Image-text web data:
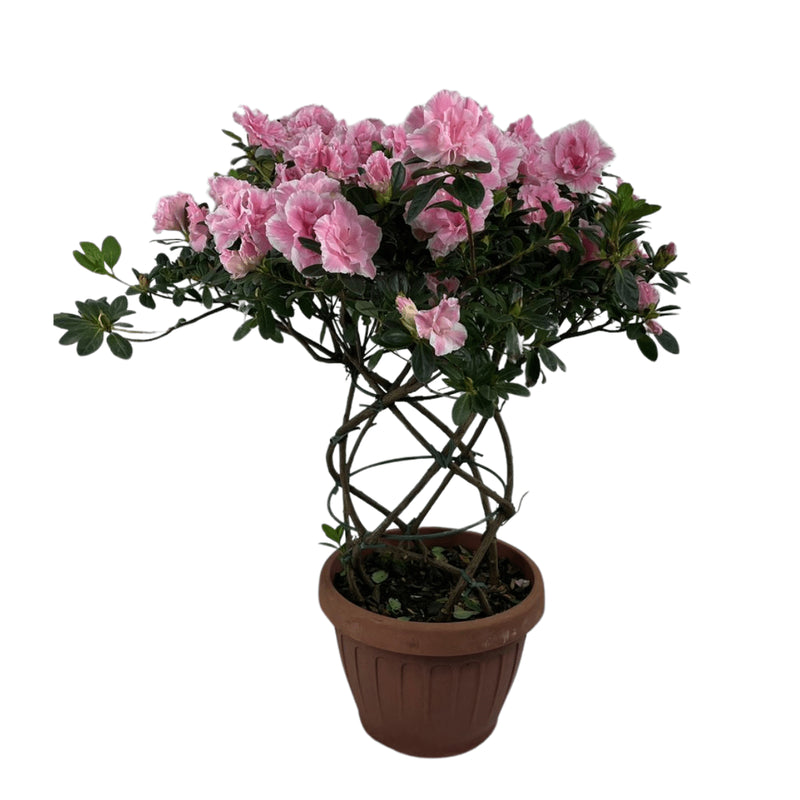 1 Planta Azaleia Espiral Rosa Claro Natural Decoração Pote 17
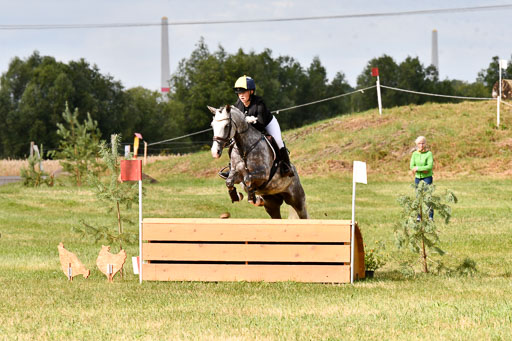 Goldene Schärpe Ponys in Hohenberg Krusemark 2024 | 13072024 Gelände 1 Abt_279 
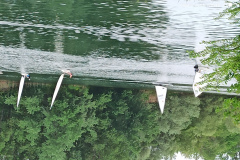 Alexander-Mueller-IMG_20260503_115721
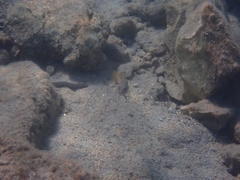 Epinephelus costae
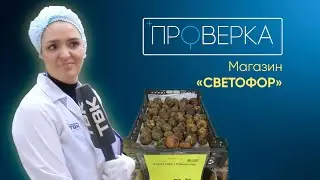 Магазин «Светофор» в Красноярске / «Проверка» ТВК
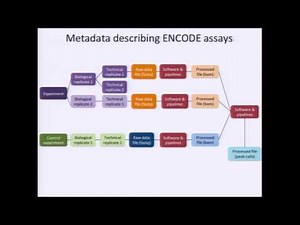 Overview of the ENCODE Data Portal - Eurie Hong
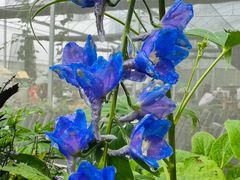 -海堤葡萄园中小学生研学基地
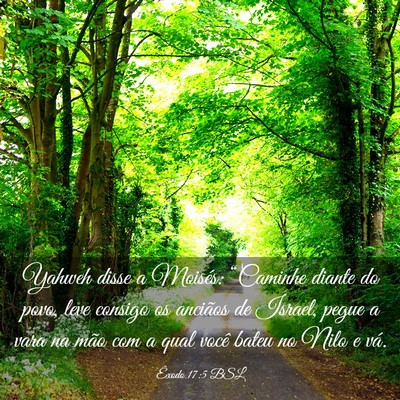 Picture 03 - Êxodo 17:5 BSL - Yahweh disse a Moisés: “Caminhe diante do - Bible Verse Picture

Your task: Are you able to set down all the lines above exactly, without any pictures?

Result of the exercise:
 1 Planta Azaleia Espiral Rosa Claro Natural Decoração Pote 17
 Goldene Schärpe Ponys in Hohenberg Krusemark 2024 | 13072024 Gelände 1 Abt_279 
 Alexander-Mueller-IMG_20260503_115721
 Epinephelus costae
 Магазин «Светофор» в Красноярске / «Проверка» ТВК
 Overview of the ENCODE Data Portal - Eurie Hong
 -海堤葡萄园中小学生研学基地
 Picture 03 - Êxodo 17:5 BSL - Yahweh disse a Moisés: “Caminhe diante do - Bible Verse Picture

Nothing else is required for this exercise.